■ Work instruction ■
Keep the images out and set the listing below down word for word.

■ Supplied material ■

-.-.-

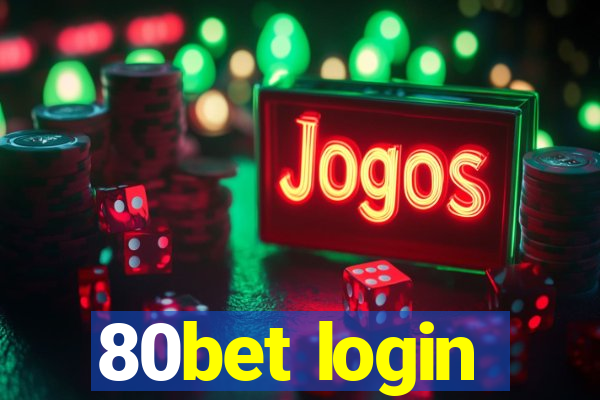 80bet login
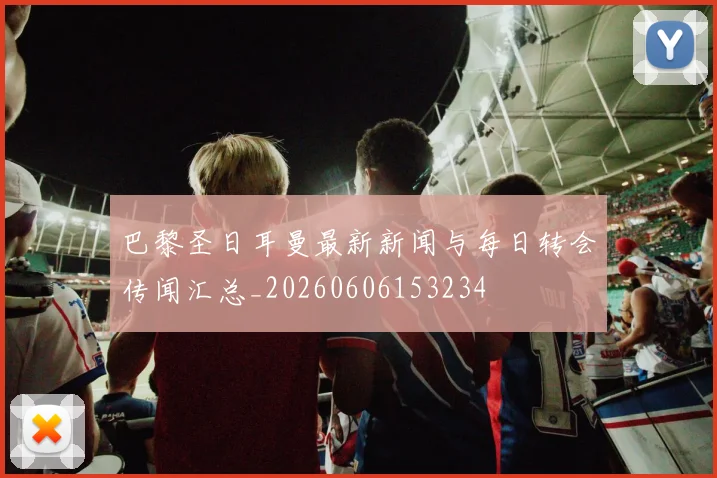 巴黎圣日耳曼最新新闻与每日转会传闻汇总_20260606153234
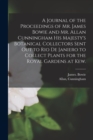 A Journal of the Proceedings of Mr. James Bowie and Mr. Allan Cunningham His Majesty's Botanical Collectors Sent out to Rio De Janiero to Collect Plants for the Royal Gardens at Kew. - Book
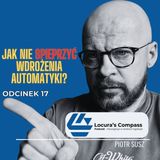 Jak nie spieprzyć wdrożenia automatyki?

-.-.-

■ Result of this task ■
 80bet login
 巴黎圣日耳曼最新新闻与每日转会传闻汇总_20260606153234
 A Journal of the Proceedings of Mr. James Bowie and Mr. Allan Cunningham His Majesty's Botanical Collectors Sent out to Rio De Janiero to Collect Plants for the Royal Gardens at Kew. - Book
 Jak nie spieprzyć wdrożenia automatyki?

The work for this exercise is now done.